EXERCISE DESCRIPTION: Reproduce the records that follow without alteration, apart from removing the pictures.
Content starts
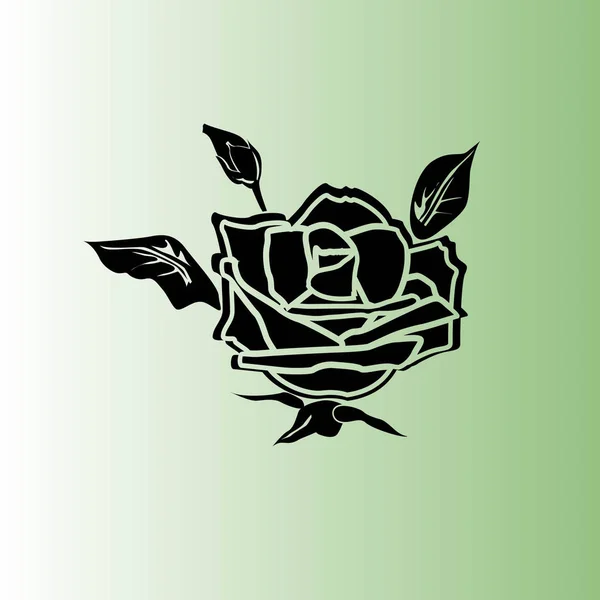 Rosa Icona Vettoriale Semplice Illustrazione — Vettoriale Stock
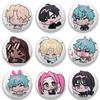 Anime Alien Stage Round Badges for Jewelry Accessories Bag Decor Luka Ivan Till Mizi Tinplate Lapel Button Brooch Pins Fans Gift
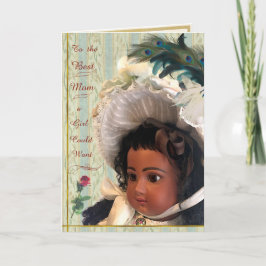 Black Victorian Doll Card for Mom Karte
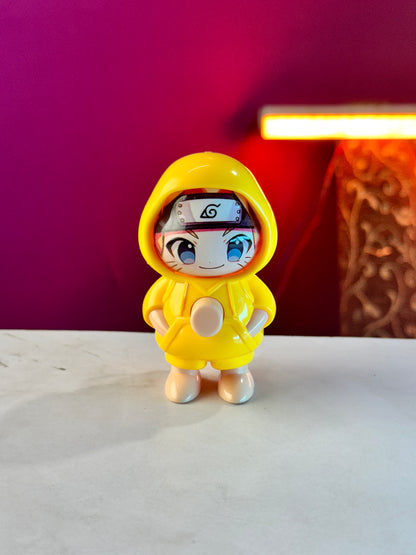 Naruto face changing keyring rotating anime keychain for fans in India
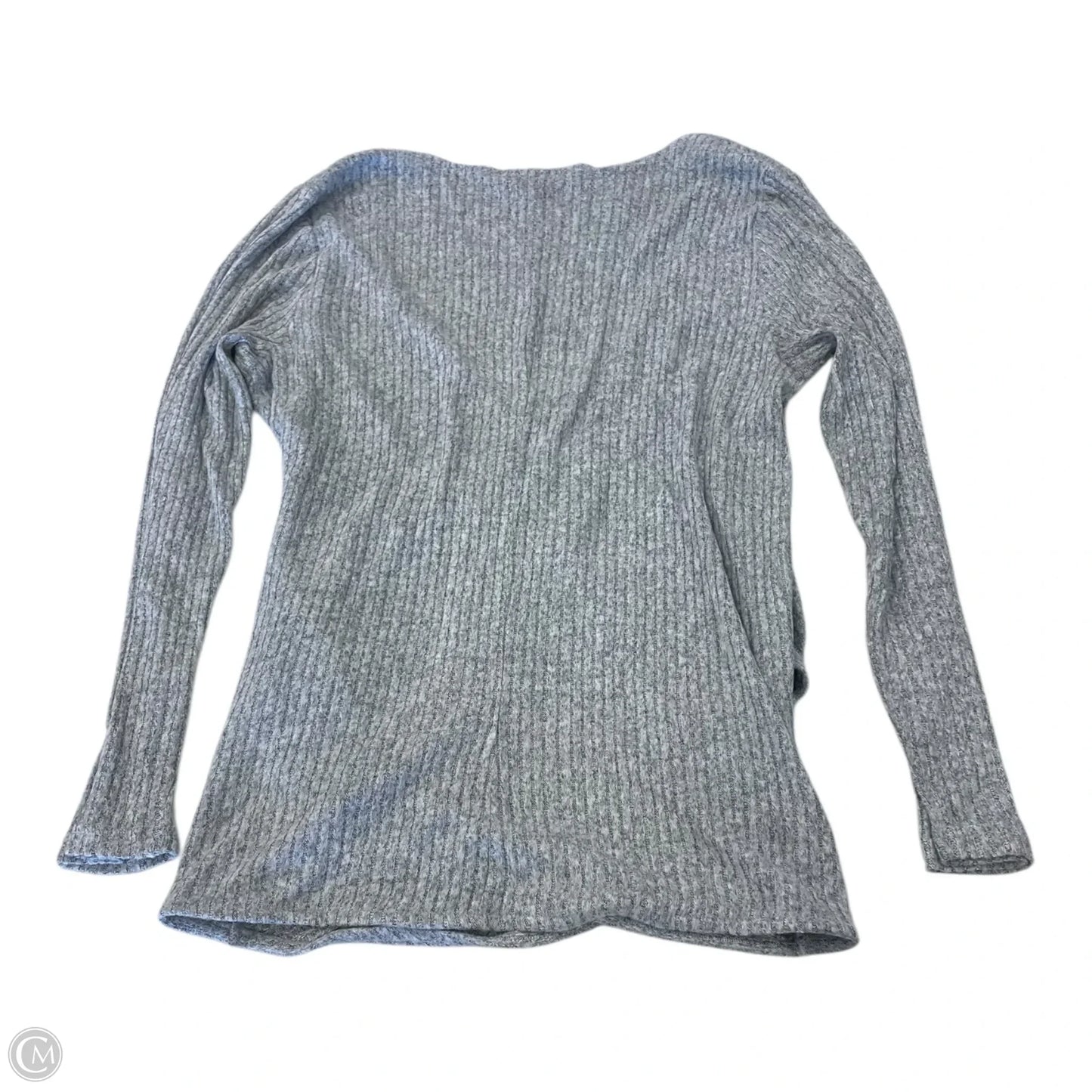 Top Long Sleeve By Ana In Grey, Size: L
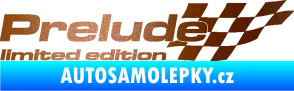 Samolepka Prelude limited edition pravá měděná metalíza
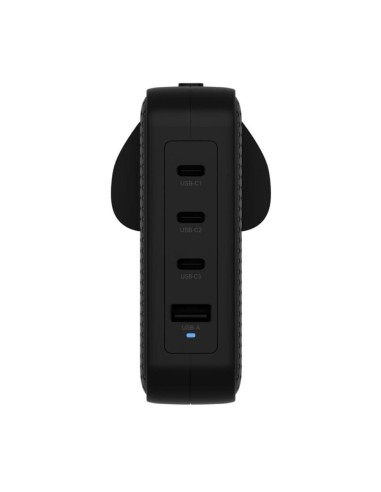 Cargador de pared ingles hyper 3 x usb tipo c 1 x usb tipo a negro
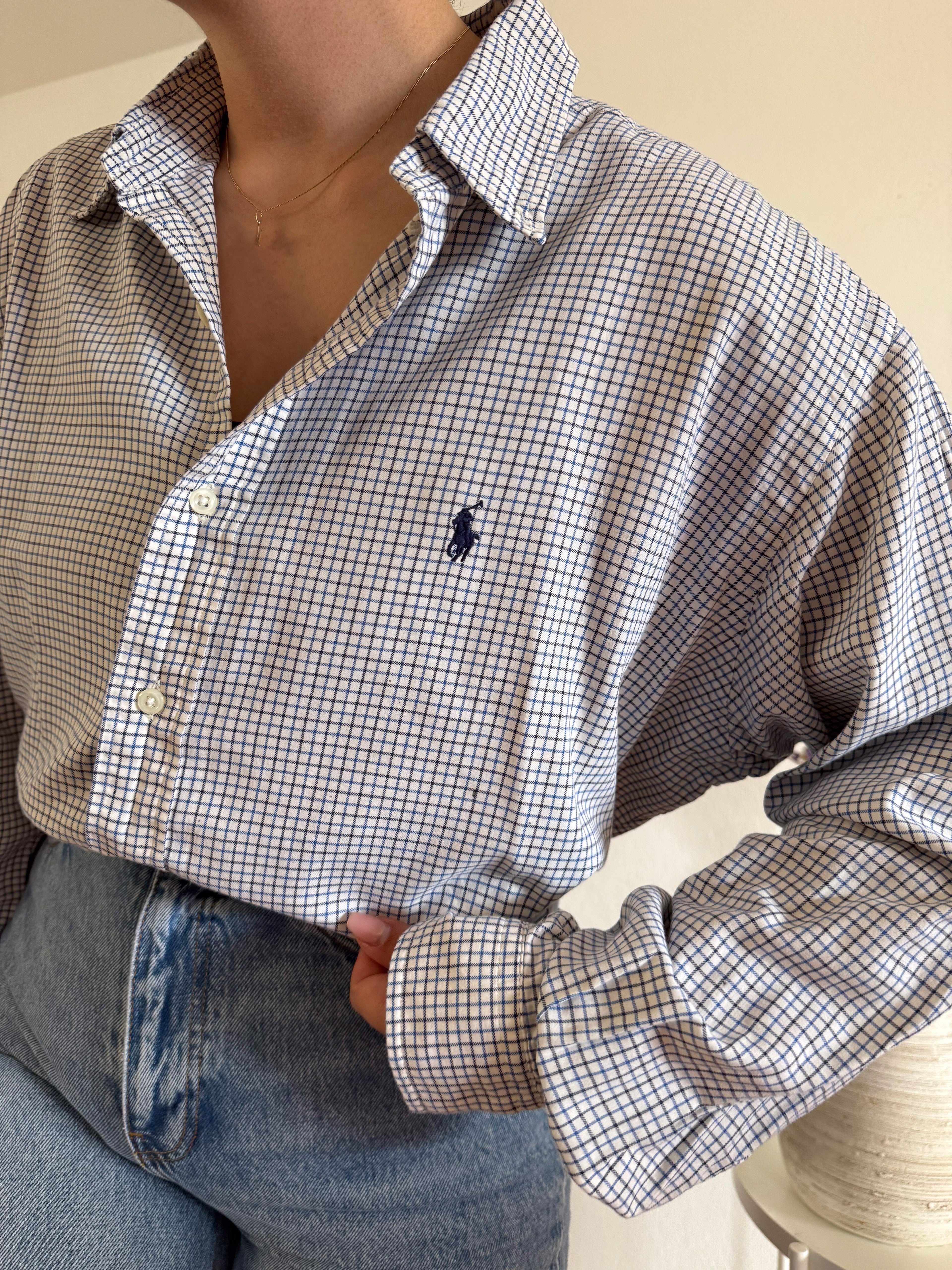 Polo Ralph Lauren Shirt Plaid 100% Cotton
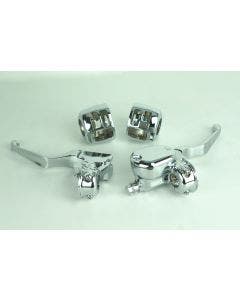 Custom Chrome Handlebar Control Switch Housing Levers Kit for Harley XL 07-13 | 627707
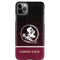 Florida State University Pattern Jersey iPhone 11 Pro Max Lite Case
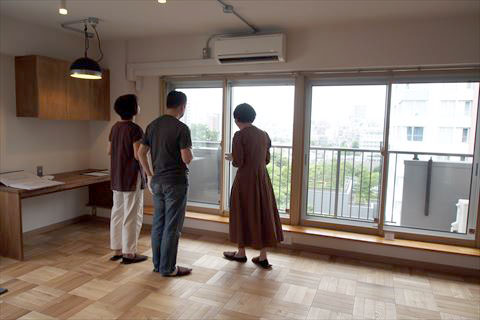 完成現場見学会の様子|マンション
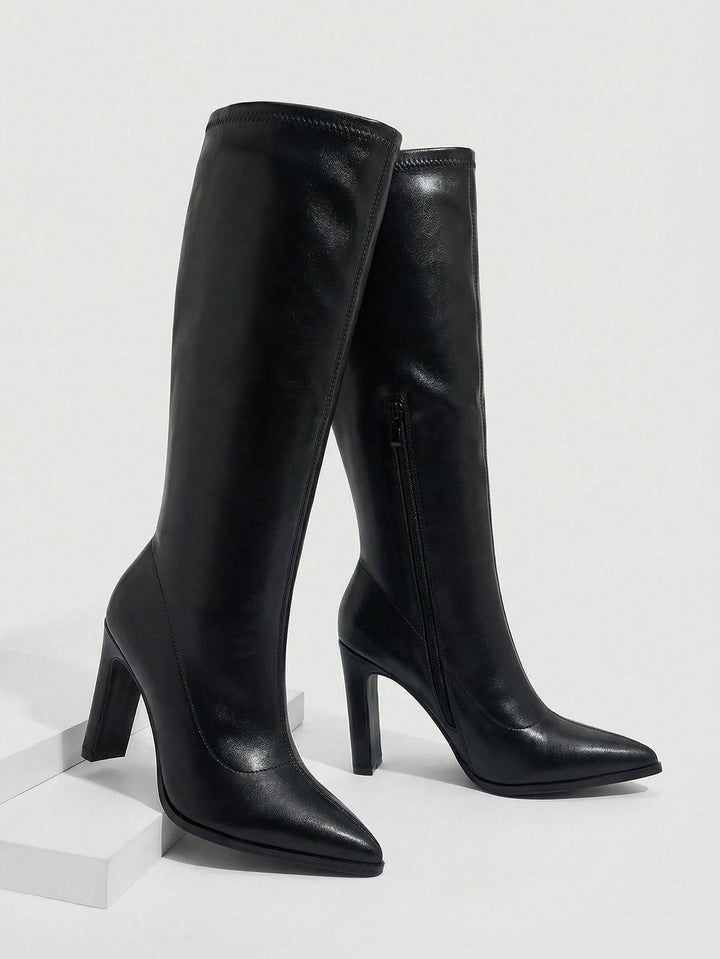 SHEIN csizma, fekete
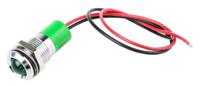 722-7482 RS PRO Green Panel Mount Indicator, 220V ac, 14mm Mounting Hole Size, Lead Wires Termination, IP67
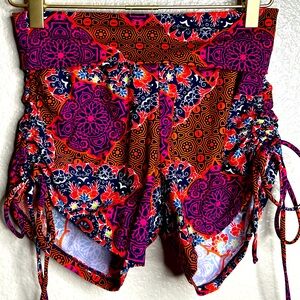 Daughters of Culture XS/S Foldover Tie Cinch Shorts
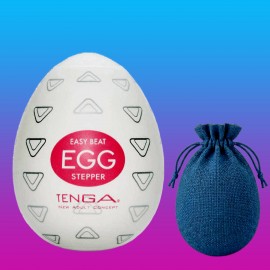 Мастурбатор Tenga EGG Stepper + лубрикант 5 мл + мішечок (Яйце Тенга)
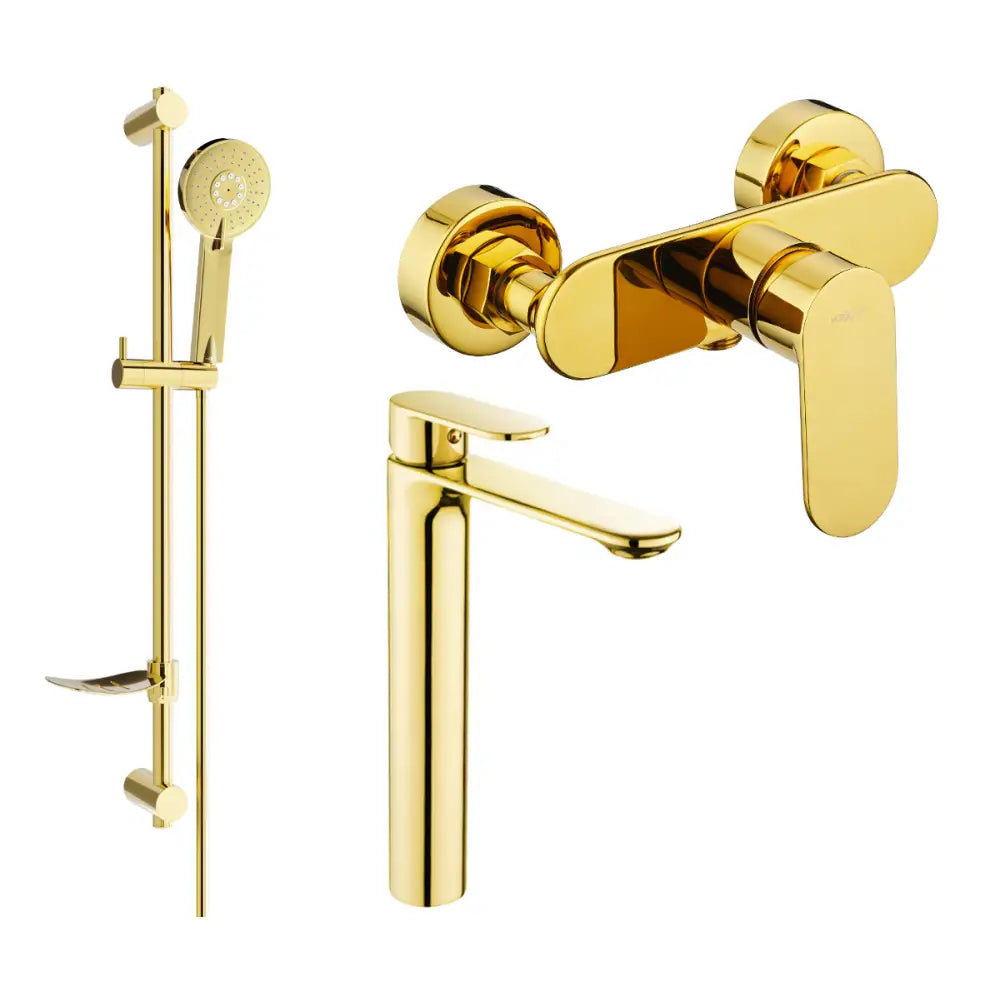 Mexen Milo Df40 Dusjsett Gull - 71314df40-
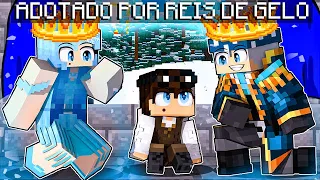 STHAN foi ADOTADO pelos REIS de GELO no Minecraft!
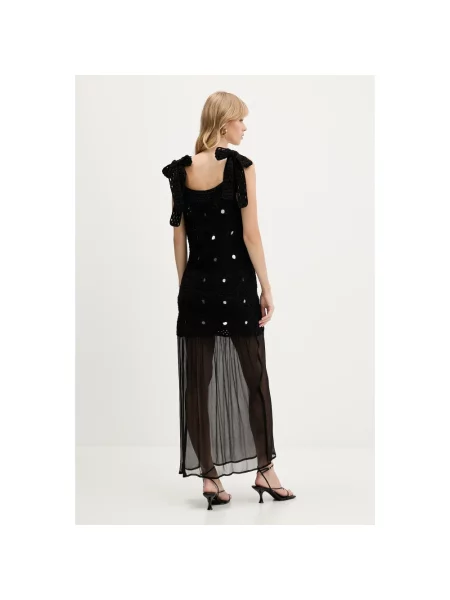 Sukienka maxi Never Fully Dressed czarna
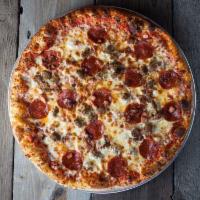 I Love Meat Pizza · Pepperoni, sausage, bacon and ham.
Content ends
YOUR SOLUTION:
 Rosa Icona Vettoriale Semplice Illustrazione — Vettoriale Stock
 Anime Alien Stage Round Badges for Jewelry Accessories Bag Decor Luka Ivan Till Mizi Tinplate Lapel Button Brooch Pins Fans Gift
 Black Victorian Doll Card for Mom Karte
 Naruto face changing keyring rotating anime keychain for fans in India
 Top Long Sleeve By Ana In Grey, Size: L
 Samolepka Prelude limited edition pravá měděná metalíza
 Cargador de pared ingles hyper 3 x usb tipo c 1 x usb tipo a negro
 Polo Ralph Lauren Shirt Plaid 100% Cotton
 Custom Chrome Handlebar Control Switch Housing Levers Kit for Harley XL 07-13 | 627707
 Florida State University Pattern Jersey iPhone 11 Pro Max Lite Case
 完成現場見学会の様子|マンション
 SHEIN csizma, fekete
 722-7482 RS PRO Green Panel Mount Indicator, 220V ac, 14mm Mounting Hole Size, Lead Wires Termination, IP67
 Daughters of Culture XS/S Foldover Tie Cinch Shorts
 Мастурбатор Tenga EGG Stepper + лубрикант 5 мл + мішечок (Яйце Тенга)
 Mexen Milo Df40 Dusjsett Gull - 71314df40-
 STHAN foi ADOTADO pelos REIS de GELO no Minecraft!
 Sukienka maxi Never Fully Dressed czarna
 I Love Meat Pizza · Pepperoni, sausage, bacon and ham.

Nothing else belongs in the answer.